Are you a Christian? How do you know?

One of the things I’ve decided about Christianity is that anybody who calls themselves a Christian is a Christian. There really is no authority that says otherwise. Sure, there are authorities. There are multiple authorities. I bet there’s someone reading this right now who would tell me they know how to define someone into or out of Christianity. There do seem to be rules. I’ve had them enumerated for me by one or another helpful Christian in person, and there are more books than you’d ever be able to read, and more TV programs than you’d ever be able to watch, and more radio … Those who have ears to hear, let them hear. 

But they don’t all agree, do they? They can’t all be Christian then. Or. They are all Christian, every Christian as Christian as every other. As each asserts themselves to be.


In his neat explainer Sapiens Yuval Harari offers this take on Christian history:


[I]f we combine all the victims of [the Roman Empire’s] persecutions [of Christians], it turns out that … the polytheistic Romans killed no more than a few thousand Christians. In contrast, over the course of the next 1,500 years, Christians slaughtered Christians by the millions to defend slightly different interpretations of the religion of love and compassion.


Now, I’ve often blamed Christians for all the crimes of Christianity. Christians are certainly responsible for much evil in the world. Yet there are as well nice Christians. Sweethearts, helpful, kind, compassionate. They consider themselves Christian. I can’t just call Christianity the source of evil if there are nice Christians who find it a font of encouragement for practicing love. People seem to find motivation for doing evil — and doing good — in all sorts of ideologies (just another way of saying “religion,” according to Yuval Harari). 

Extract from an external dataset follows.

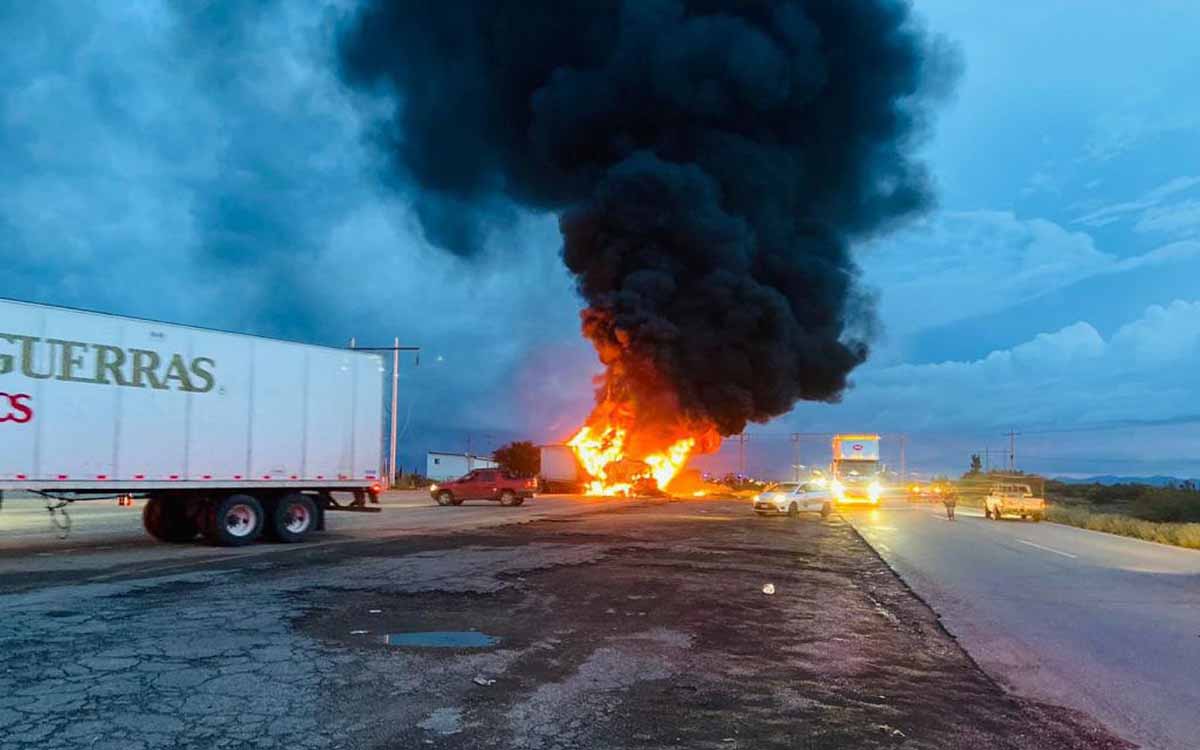 Fresnillo registra segundo día consecutivo de bloqueos; UAZ suspende clases presenciales | Videos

Thus I have decided, as I said above, that it is not my business to police who is and who is not a Christian. Never will I remonstrate against anyone who goes against the supposed tenets of Christianity. The tenets of Christianity are the business of people who call themselves Christian. Those who kill over their disagreements need to be prosecuted for murder. But the disagreement itself is nothing I need have an opinion about. 


source:

Sapiens: a brief history of humankind

by Yuval Noah Harari

2015. HarperCollins, New York

2 comments:

Jim Murdoch said...

We now live in a world where anyone can be anything just because they say so and the same goes for anything they do. A poem, for example, used to be a thing that rhymed and even young children could identify one; a man had a willie and a woman didn't--simple--and the truth was everything that wasn’t a lie. There was no need for debate. But nowadays it's all got so--and so unnecessarily--complicated. Christianity is not a matter of choice. Admittedly working out what exactly the rules are could be easier--never understood why the Bible couldn't be a lot clearer--but there can only be one way, the right way and if it doesn't suit you then be something else and get on with it. We now live in a world where something-else's are more and more accepted. Why can't people just say they're semi-Christian or Sunday Christians or flexi-Christian?

Glenn Ingersoll said...

I'm culturally Christian in that I grew up surrounded by it and know as much about Christianity as most Christians, but these arguments about who is "semi-Christian" or "cafeteria Christian" or whatever, are not arguments, I realized, on which I have a position. Sure, I'd like people not to be hypocrites -- saying one thing and doing another -- but hypocrisy seems to be a foundational requirement for millions of Christians -- and if that's a hidden tenet of Christianity, well, who am I to say different?